With the passage of the debt deal, one federal department didn't so much get slashed as slowed. It's responsible for a lot of the debt in the first place, but then again two wars are going on. You guessed it — the Pentagon actually came out flusher than any department in today's debt deal.
Rather than cutting $400 billion in defense spending through 2023, as President Barack Obama had proposed in April, the current proposal trims $350 billion through 2024, effectively giving the Pentagon $50 billion more than it had been expecting over the next decade, McClatchy reported today.
Meanwhile, the debt deal drastically reduces domestic discretionary spending, categories such as transportation and education, which is 12 percent of the federal budget, according to the Daily Beast. Defense spending accounts for close to 24 percent.
After weeks of debate between, it's hard to know if anything or anyone could substantially slash defense spending. "Military spending has more or less survived the drawdown of two wars and a domestic economic crisis. Even now, Congress can't agree on how much to cut defense spending while maintaining U.S. military strength," McClatchy reported.

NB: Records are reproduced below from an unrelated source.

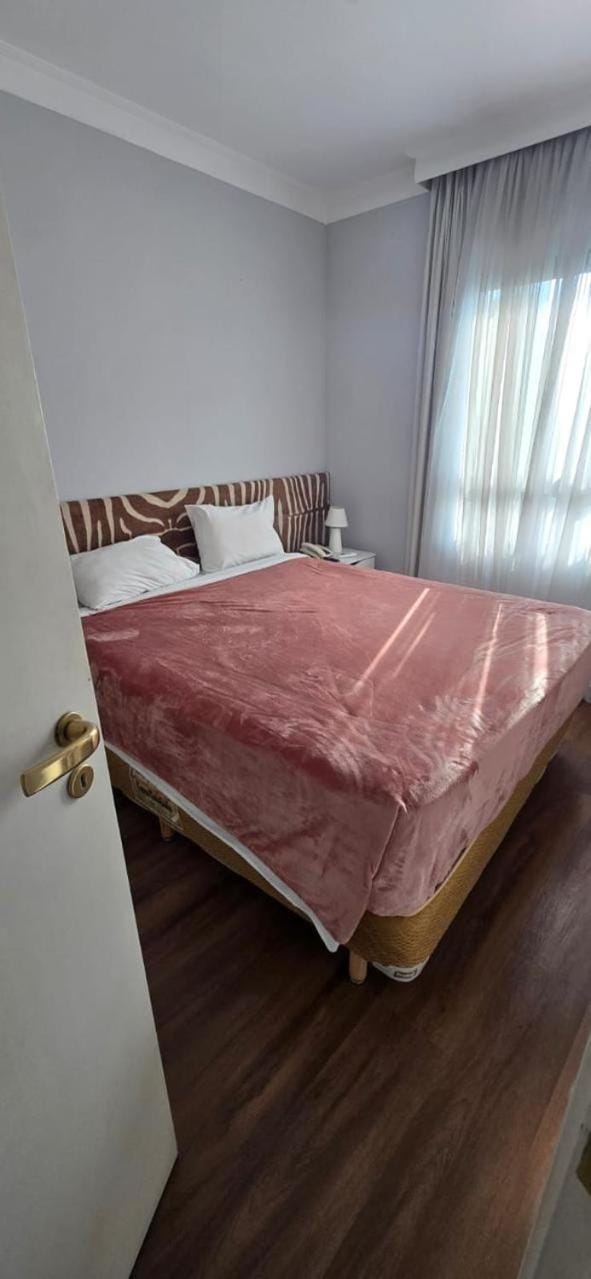 Maria Flat em pinheiros equipado em hotel 4 star Apartment hotel in Sao Paulo City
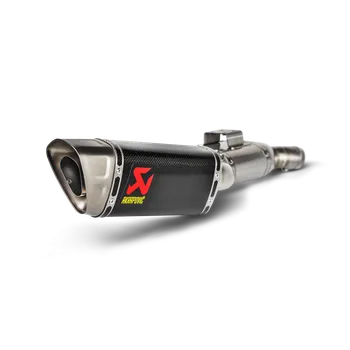 Auto-moto S-B9SO2-APC Výfuková koncovka BMW F 900 R (20-26), F 900 XR (20-26)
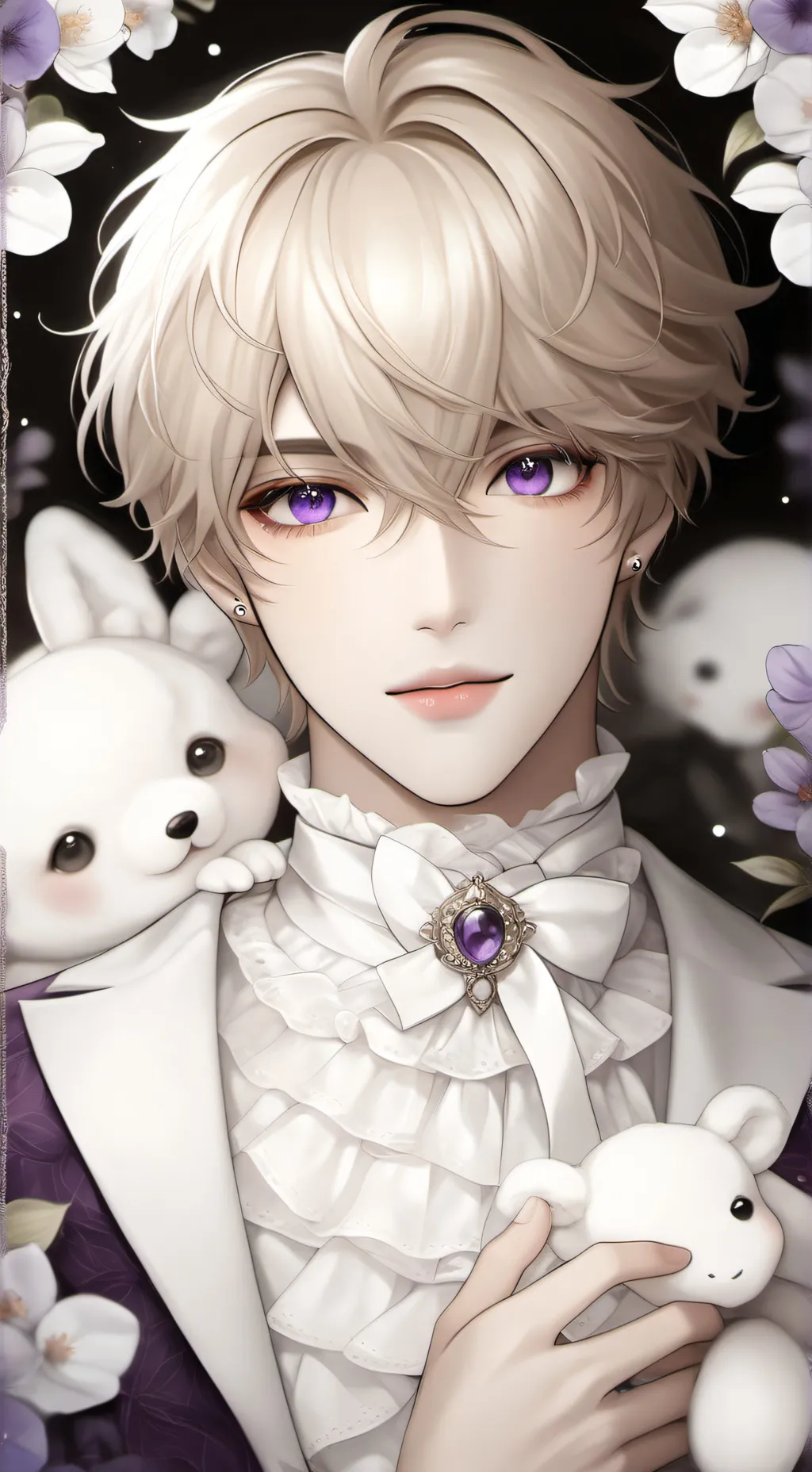 ai character: Jayden background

"In fact, that $553 billion is only part of what the Pentagon spends. America’s two major wars, in Iraq and Afghanistan, are funded by a line item called the “Overseas Contingency Operations,” which adds $118 billion to Pentagon coffers for 2012. Ironically, that’s roughly the size of Iraq’s entire economy ($118 billion in 2010). It dwarfs Afghanistan’s ($30 billion)."
The Pentagon is not out of the woods on budget cuts, with a six person bipartisan commission to make further deep slashes to programs. But the commission will face still resistance from conservative like Rep. Allen West, R-Fla., who said, "I think the most important thing is to get a strong defense person on the (bipartisan) committee," McClatchy reported.
Supporters of the debt deal, including top defense officials, said it was too risky to make major defense cuts without examining the national security strategy. They noted that the reductions still represent the sharpest baseline defense budget cuts since the 1990s.
However, the United States spent $580 billion a year on defense at the height of the Cold War. In the 2011 fiscal year, the Pentagon's baseline budget is $549 billion, with another $159 billion allotted for the wars in Iraq and Afghanistan, for a total of $708 billion, McClatchy reported.